- WHAT TO PRODUCE -
Please transcribe only the lines between the one containing "Royal Enfield Himalayan Classic T-Shirt" and the end of the records, both ends included, exactly as written; skip every picture.
================
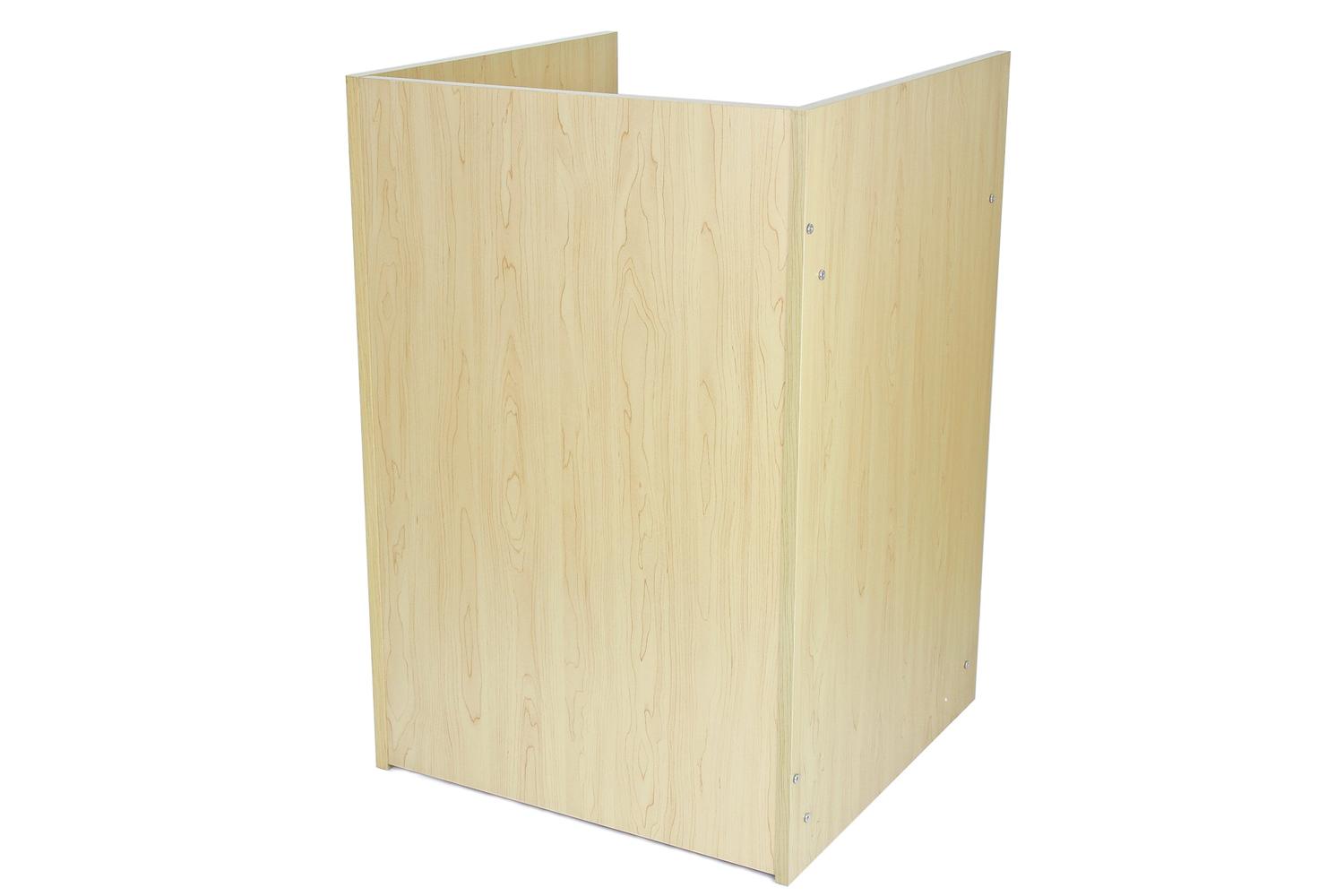 Monstershop 5102 - Retail Service Counter - Maple-4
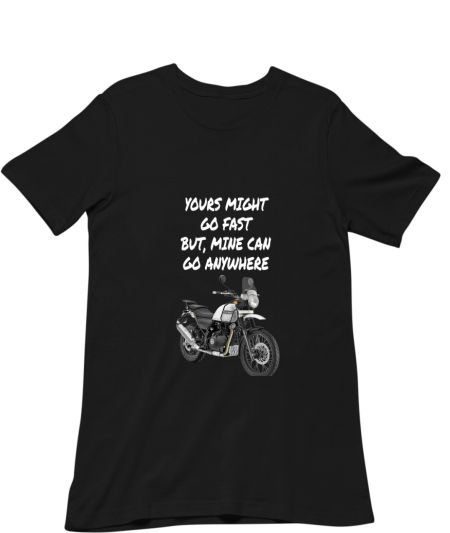 Royal Enfield Himalayan Classic T-Shirt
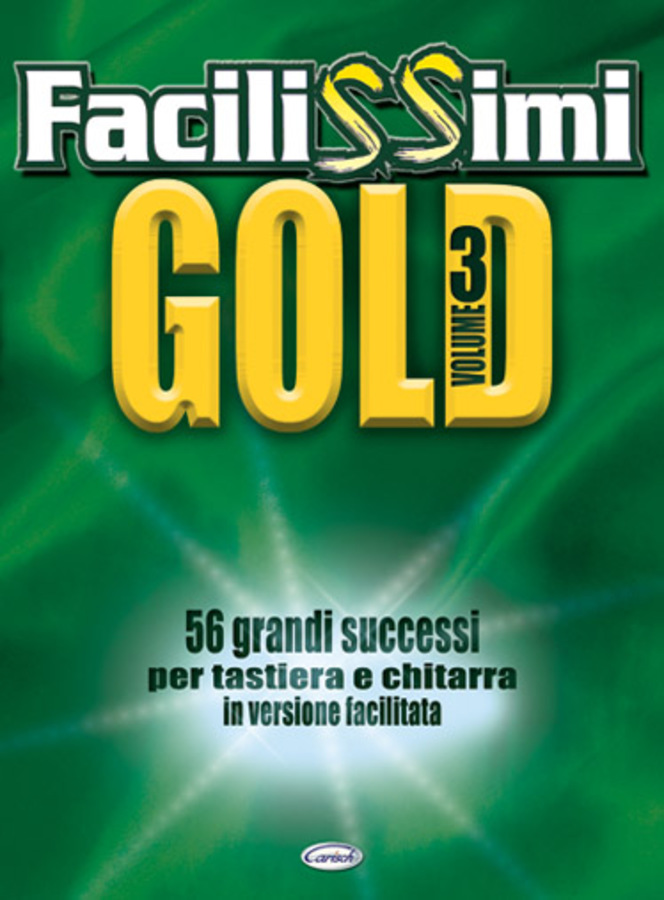 FACILISSIMI GOLD 3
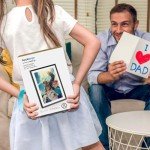 Nixplay 10.1" WiFi Digital Picture Frame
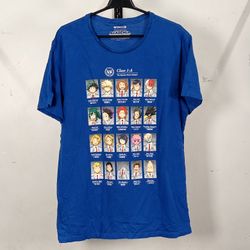 CARTOON T-SHIRTS - BUNDLE 82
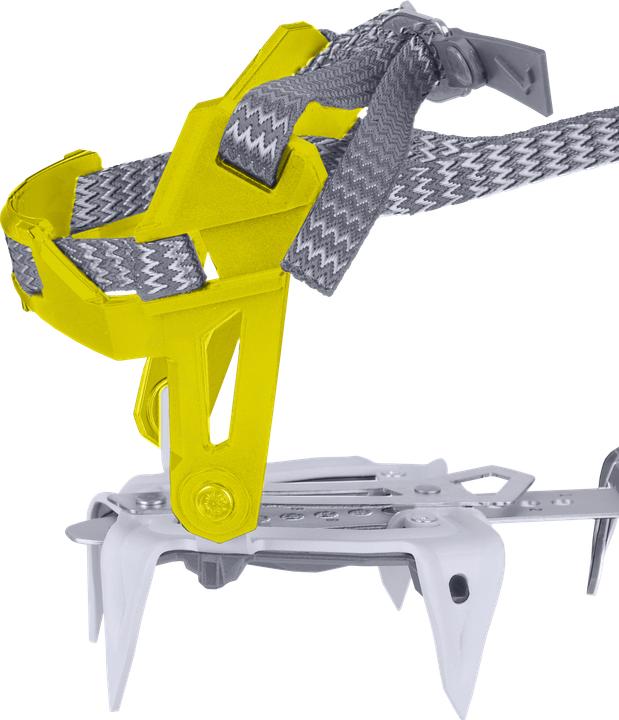 Actual product image Salewa Alpinist Walk crampons (36, 37, 38, 39, 40, 41, 42, 43, 44, 45, 46, 47, 48)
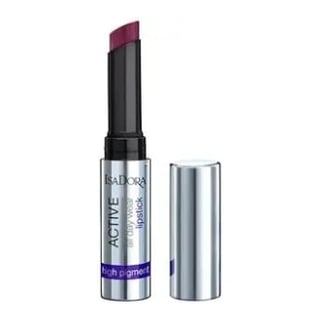 ISADORA Active All Day Wear Lipstick
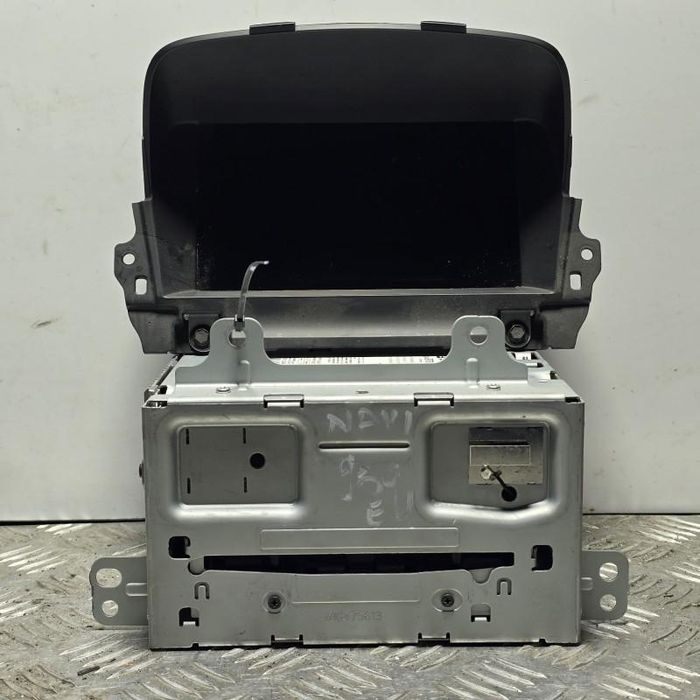 Unitate CD Player auto HIFI cu navigatie Opel Mokka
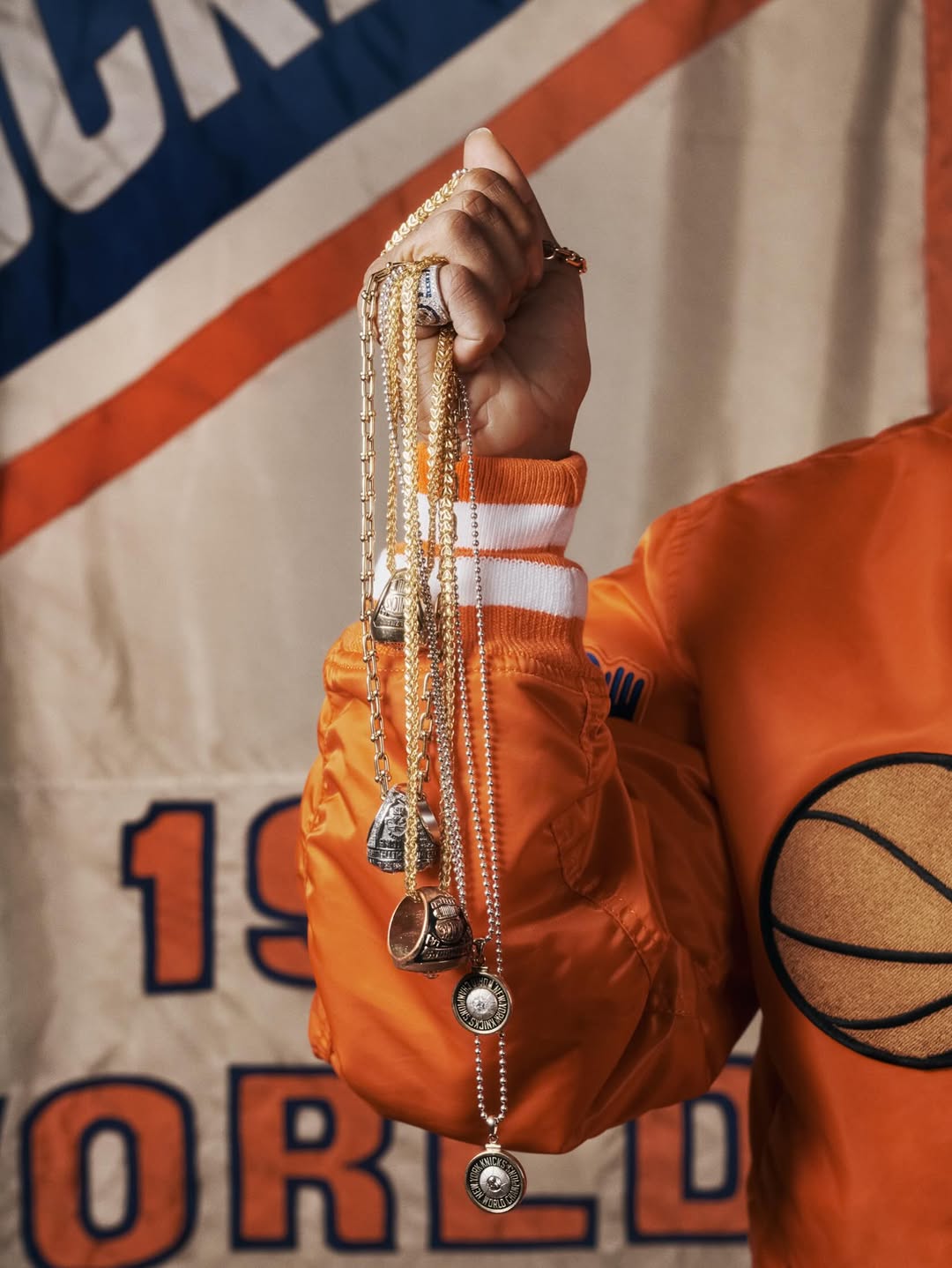 Corey Olsen X Spike Lee for New York Times Opinion Jun. 26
================
- REPLY TO THE TASK -
 Royal Enfield Himalayan Classic T-Shirt
 FACILISSIMI GOLD 3
 Nixplay 10.1" WiFi Digital Picture Frame
 CARTOON T-SHIRTS - BUNDLE 82
 Actual product image Salewa Alpinist Walk crampons (36, 37, 38, 39, 40, 41, 42, 43, 44, 45, 46, 47, 48)
 ISADORA Active All Day Wear Lipstick
 Unitate CD Player auto HIFI cu navigatie Opel Mokka
 Corey Olsen X Spike Lee for New York Times Opinion Jun. 26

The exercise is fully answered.